++++ Given entries

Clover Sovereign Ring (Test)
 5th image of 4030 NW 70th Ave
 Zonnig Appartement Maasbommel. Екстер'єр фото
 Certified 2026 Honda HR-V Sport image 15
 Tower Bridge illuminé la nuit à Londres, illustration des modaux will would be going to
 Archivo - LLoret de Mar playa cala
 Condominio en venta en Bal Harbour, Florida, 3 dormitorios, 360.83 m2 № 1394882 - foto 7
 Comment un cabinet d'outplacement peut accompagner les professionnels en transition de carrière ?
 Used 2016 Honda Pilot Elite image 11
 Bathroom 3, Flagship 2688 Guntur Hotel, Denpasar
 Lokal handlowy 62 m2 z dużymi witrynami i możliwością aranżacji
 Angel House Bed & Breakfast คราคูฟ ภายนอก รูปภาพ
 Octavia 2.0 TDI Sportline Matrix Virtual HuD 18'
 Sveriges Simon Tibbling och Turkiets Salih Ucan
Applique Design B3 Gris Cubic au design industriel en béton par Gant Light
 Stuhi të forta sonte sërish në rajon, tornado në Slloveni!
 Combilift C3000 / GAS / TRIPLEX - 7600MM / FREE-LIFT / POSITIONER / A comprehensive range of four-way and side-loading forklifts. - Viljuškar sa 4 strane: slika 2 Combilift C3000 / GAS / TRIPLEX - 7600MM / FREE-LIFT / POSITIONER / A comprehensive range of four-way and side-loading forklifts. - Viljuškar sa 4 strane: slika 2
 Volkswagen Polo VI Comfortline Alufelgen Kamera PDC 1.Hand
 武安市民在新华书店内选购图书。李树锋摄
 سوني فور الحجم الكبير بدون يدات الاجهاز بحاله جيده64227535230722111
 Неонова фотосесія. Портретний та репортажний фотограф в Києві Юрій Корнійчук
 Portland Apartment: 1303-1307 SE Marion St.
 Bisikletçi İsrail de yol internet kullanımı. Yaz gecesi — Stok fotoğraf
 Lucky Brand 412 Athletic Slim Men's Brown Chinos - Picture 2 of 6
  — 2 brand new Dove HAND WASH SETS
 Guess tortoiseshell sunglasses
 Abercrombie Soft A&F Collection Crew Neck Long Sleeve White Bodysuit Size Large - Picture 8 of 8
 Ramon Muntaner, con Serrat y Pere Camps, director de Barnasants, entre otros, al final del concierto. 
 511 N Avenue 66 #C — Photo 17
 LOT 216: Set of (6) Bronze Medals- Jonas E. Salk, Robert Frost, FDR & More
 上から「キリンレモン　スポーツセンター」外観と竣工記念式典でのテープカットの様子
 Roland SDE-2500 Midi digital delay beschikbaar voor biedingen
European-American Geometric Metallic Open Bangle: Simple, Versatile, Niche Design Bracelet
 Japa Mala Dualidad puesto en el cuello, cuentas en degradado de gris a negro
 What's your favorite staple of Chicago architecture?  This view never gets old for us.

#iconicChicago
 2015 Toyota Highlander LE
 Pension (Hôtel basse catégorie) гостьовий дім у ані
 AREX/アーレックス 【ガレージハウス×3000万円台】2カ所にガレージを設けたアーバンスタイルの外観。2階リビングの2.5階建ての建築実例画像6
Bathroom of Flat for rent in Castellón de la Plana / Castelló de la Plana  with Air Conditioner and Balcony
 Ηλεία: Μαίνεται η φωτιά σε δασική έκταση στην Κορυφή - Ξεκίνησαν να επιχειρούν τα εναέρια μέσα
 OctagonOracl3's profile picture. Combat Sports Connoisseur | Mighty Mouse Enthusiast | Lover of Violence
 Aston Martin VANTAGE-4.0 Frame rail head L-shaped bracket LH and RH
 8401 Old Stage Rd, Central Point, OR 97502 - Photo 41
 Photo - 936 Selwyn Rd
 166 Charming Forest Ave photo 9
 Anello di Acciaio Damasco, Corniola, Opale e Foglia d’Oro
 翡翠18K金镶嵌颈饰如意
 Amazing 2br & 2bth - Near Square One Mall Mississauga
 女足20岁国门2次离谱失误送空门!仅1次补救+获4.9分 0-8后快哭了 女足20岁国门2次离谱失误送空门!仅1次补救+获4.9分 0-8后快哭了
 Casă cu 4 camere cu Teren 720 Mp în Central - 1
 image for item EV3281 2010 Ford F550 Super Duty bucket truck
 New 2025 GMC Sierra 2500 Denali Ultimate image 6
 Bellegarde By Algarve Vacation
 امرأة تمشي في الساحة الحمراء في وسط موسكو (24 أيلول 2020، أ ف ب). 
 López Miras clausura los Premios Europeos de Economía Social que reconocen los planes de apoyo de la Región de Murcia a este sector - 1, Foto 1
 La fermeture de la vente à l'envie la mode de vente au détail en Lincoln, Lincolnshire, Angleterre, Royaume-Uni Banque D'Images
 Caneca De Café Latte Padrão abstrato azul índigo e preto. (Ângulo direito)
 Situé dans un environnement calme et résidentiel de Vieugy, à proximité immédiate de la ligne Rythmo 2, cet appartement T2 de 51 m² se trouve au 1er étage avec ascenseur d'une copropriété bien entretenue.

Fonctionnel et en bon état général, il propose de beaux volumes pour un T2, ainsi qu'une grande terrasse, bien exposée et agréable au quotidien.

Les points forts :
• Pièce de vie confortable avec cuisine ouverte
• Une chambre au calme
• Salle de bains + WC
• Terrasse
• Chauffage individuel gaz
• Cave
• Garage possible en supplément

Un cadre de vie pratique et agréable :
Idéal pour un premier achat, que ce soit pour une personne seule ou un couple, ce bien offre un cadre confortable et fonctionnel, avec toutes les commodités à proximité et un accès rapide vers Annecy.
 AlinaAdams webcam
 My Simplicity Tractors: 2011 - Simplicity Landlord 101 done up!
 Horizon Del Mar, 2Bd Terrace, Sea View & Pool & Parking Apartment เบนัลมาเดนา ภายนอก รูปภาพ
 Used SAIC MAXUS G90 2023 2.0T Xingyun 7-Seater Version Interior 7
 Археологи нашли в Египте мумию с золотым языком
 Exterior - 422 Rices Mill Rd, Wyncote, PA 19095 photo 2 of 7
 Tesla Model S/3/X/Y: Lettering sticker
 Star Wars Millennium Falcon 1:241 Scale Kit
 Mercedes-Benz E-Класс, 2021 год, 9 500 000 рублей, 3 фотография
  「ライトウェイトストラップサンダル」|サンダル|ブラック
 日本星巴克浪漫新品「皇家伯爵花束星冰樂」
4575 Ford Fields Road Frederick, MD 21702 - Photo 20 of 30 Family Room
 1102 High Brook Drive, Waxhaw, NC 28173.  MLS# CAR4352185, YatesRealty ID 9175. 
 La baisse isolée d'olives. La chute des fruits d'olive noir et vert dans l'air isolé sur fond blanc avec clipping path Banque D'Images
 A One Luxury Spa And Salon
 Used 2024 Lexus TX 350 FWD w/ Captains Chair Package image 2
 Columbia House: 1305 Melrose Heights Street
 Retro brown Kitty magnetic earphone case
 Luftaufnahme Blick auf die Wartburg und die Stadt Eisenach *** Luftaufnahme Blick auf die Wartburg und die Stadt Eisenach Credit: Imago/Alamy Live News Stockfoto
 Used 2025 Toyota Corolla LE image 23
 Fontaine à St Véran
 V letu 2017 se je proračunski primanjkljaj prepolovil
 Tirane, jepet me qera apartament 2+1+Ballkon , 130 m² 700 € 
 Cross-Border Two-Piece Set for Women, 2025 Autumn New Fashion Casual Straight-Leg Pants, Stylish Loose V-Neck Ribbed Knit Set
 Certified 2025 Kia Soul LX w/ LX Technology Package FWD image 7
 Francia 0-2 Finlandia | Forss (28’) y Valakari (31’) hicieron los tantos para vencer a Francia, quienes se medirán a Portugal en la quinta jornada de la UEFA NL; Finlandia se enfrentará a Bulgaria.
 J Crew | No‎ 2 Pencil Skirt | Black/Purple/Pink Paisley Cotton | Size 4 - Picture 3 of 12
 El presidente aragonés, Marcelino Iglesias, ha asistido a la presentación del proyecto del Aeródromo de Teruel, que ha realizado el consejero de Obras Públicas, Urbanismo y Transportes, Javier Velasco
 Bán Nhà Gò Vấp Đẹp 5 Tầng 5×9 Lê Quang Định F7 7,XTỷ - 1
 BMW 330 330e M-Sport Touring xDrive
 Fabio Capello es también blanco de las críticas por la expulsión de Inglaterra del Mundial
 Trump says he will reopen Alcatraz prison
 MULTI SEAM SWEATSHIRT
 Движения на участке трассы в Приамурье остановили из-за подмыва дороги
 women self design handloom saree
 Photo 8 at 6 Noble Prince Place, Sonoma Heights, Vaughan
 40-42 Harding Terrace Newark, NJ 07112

++++++++

§ **Exercise details**
In the data above, find each line where the string "agréable" appears, then copy it.

§ **Exercise solution**
Fonctionnel et en bon état général, il propose de beaux volumes pour un T2, ainsi qu'une grande terrasse, bien exposée et agréable au quotidien.
Un cadre de vie pratique et agréable :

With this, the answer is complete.